Although this type of adventure looks quite impressive, it's unsatisfactory because one uses more a process of elimination than investigation. Use all the options in each place and in the end you'll hit upon the answer. Icons also tend to respond too quickly - keep the fire button pressed for more than a milli-second and you've missed a screen of information that might have been vital. And for all its flash presentation, this one still suffers from the age-old 'sudden death' routine, which most adventurers hate but lazy programmers love.

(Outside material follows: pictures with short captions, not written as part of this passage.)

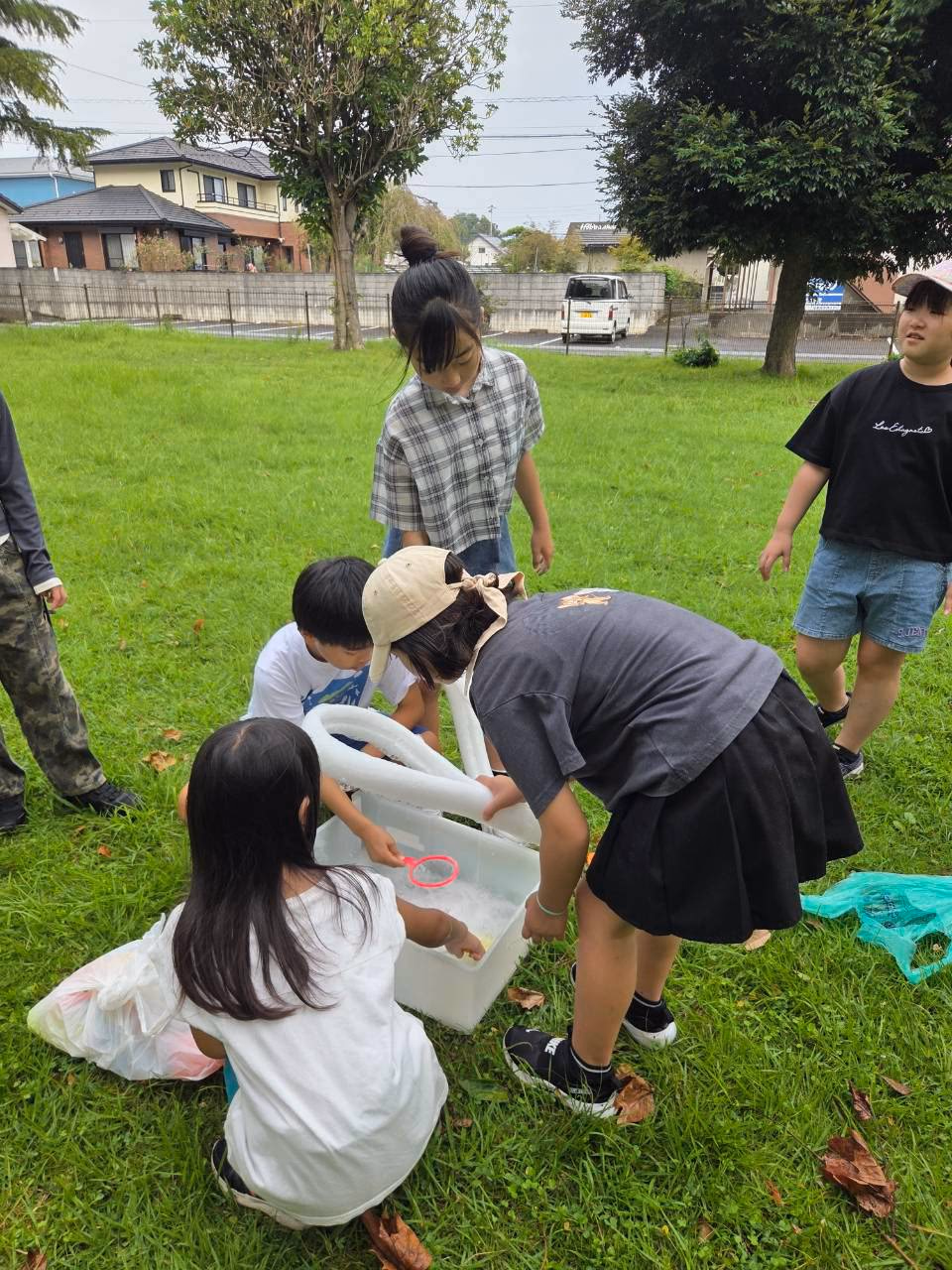Children preparing bubble solution outdoors during Summer School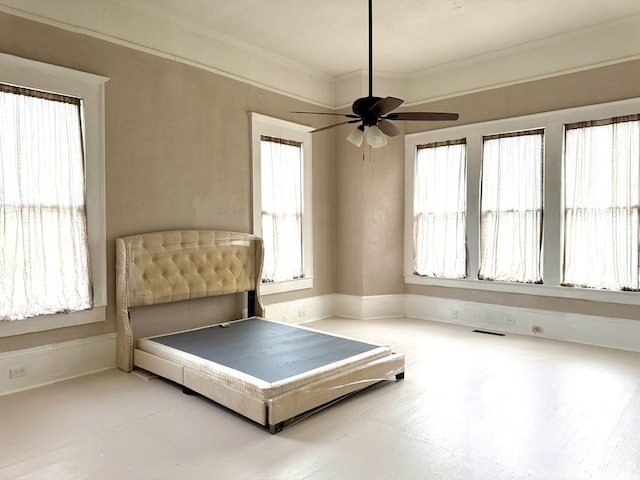 bedroom with ceiling fan and ornamental molding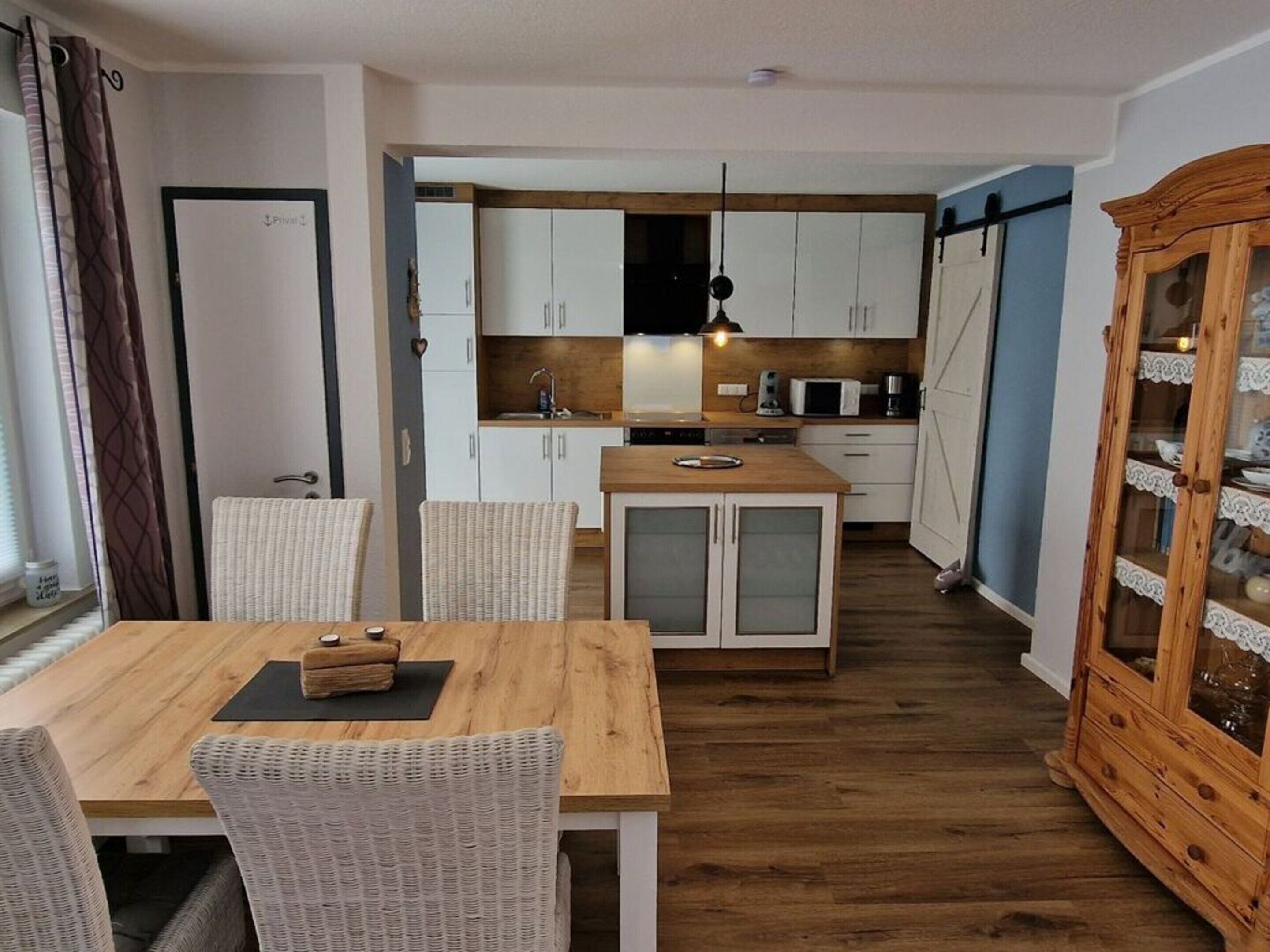 A compact kitchen with white cabinets, a wooden island, and a dining area with wicker chairs.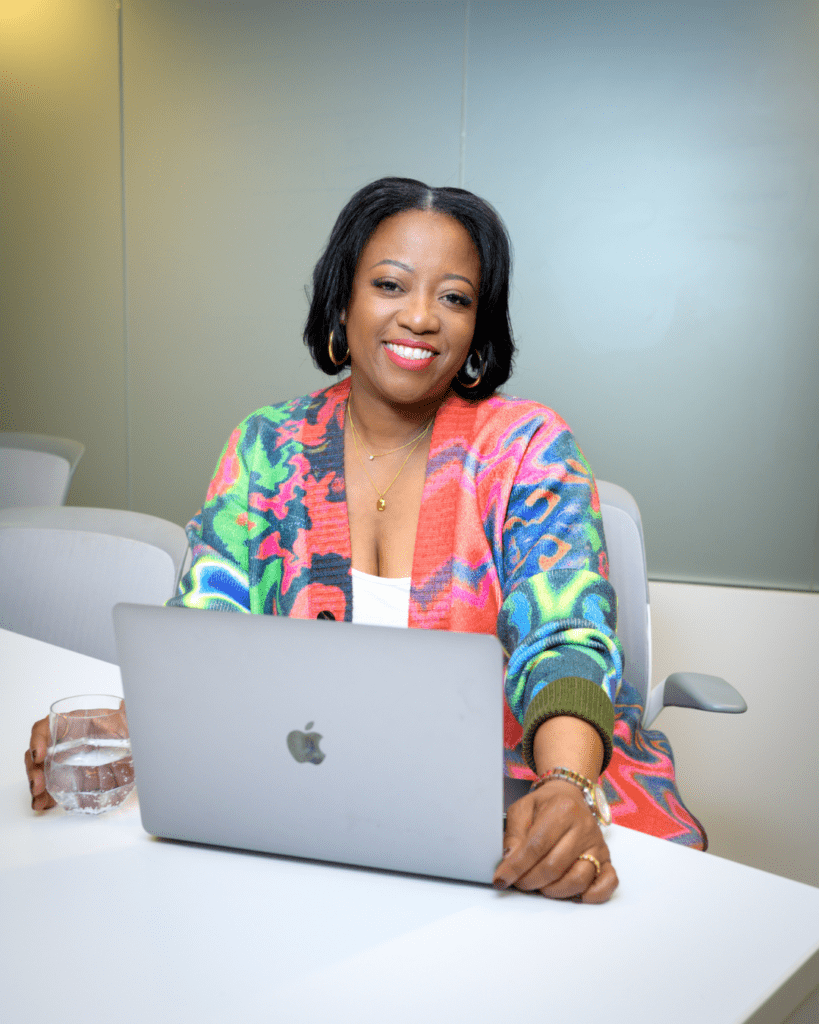 Robin Fisher smiles at the camera sitting in front of a laptop.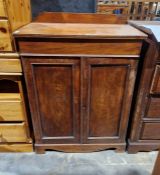 Victorian mahogany cabinet having one drawer raised above a two door cupboard, the cupboard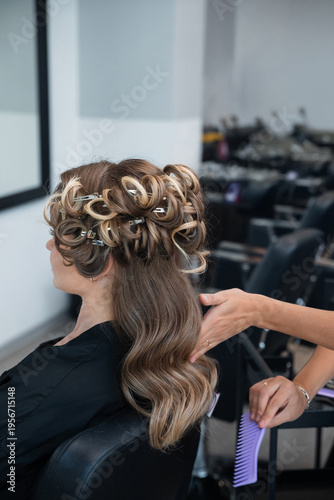 Stylist works on models hair in salon while using rollers to create style for special event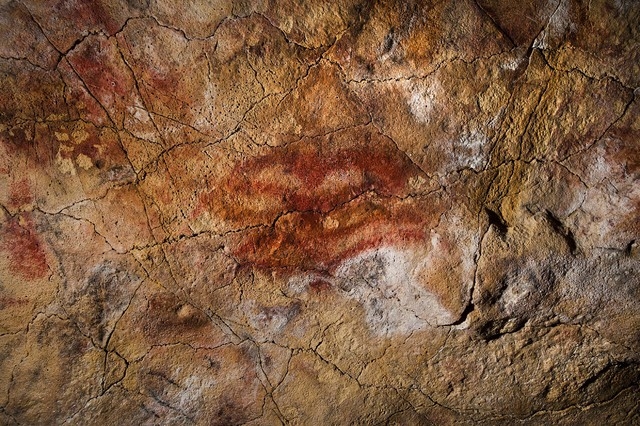 This double "claviform" symbol on the ceiling of the Altamira Cave in Spain is at least 35,600 years old. Access to the caves is limited to five visitors a week. They are chosen at rando ...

This is one of the better examples of this type of game, I thought, and I know some readers do enjoy them very much, but it's not to my taste. I lost interest when I encountered a Laryx, whatever that is, on the mountainside, and before I could retreat it butted me off the mountain to my death. I later discovered that you have to mount the beast. Well, what can I say? I hope you'll be very happy together.


REVIEW BY: Mike Gerrard

Graphics7/10
Text6/10
Value For Money7/10
Personal Rating5/10
Overall6/10
Transcript by Chris Bourne

Sinclair User Issue 67, Oct 1987   page(s) 50

Label: Bulldog
Author: Clive Wilson, Les Hogarth
Price: £1.99
Memory: 48K/128K
Joystick: various
Reviewer: Graham Taylor

Many centuries ago when the Earth was still evolving, a plague known as 'adventure game blurb' fell upon the land. Every month new adventures would appear with ever more awful and tedious plots. Shard of Inovar has the lot.

An Elfin race called Eharin from the realm of Mantierion made the Inovar which is an elfstone which could defend the world from the plague called Nagroma.

You play Varwield Secunda and you've got to get the Shard which is in bits and there are people called Sunguat. Kiron and Rimarlion and.... listen I can't take any more of this stuff where people make silly pixie names up. (GT's instant pixie name creator - take the names of two household cleansing products eg Ajax and Vim, mix them together and what do you get - Vijax, thirteenth dark lord of the inner circle of chaos. So enough of all this sillyness. Let's have heros called Chris and Maureen.)

Anyway all that stuff was pretty irrelevant because the actual game Shard of Inovar is really good. Some of its ideas are genuinely original and some of the puzzles are quite inventive. Not only that but it's on budget too.

Shard of Inovar is an icon-driven adventure. Most of the previous icon-driven efforts have been pretty unsuccessful. Choosing whether and what to Take, Drop, Examine or whatever by whizzing around the screen highlighting icons representing the command takes at least as long as typing Get Frog, or whatever.

The clever stuff in Shard works like this. You move around the usual grim magical landscape using icon commands but when you come across something interesting eg The evil tower of Domjax (Domestos and Ajax) and the text screen says 'Ahead rises the evil Tower of Domjax' - you choose the Examine icon, another text window says 'Examine the ..', then you highlight the word from the descriptive text using a cursor and check out the tower. Since it is almost always the descriptive text for a location that tells you that there might be something to investigate this is an obvious but very effective idea. Can't think why nobody thought of it before.

There are graphics for most locations but they occupy less than a quarter of the screen and are little more than decoration.

Rated purely in terms of difficulty of puzzles and inventiveness. Shard of Inovar also scores highly. From the start location it takes only about three paces in any of the available compass directions before you're in deep trouble. And some of it is not only deep but squishy too!

I hated the blurb, the plot is utterly tedious, but Shard of Inovar has some good puzzles and some genuinely original command input ideas. On budget it's definitely a goodie.


REVIEW BY: Graham Taylor

Blurb: PROGRAMMERS Clive Wilson and Les Hogarth are the team responsible for Shard Of Inovar. They have worked together creating adventures for Mastertronic since 1985. Softography: Se-Kaa of Assiah (Mastertronic, 1985), Zzzz (Mastertronic, 1986), Kobyash Naru (Mastertronic, 1987)

Overall8/10
Summary: Budget adventure with lot's of good points including tricky puzzles and an inventive icon command system.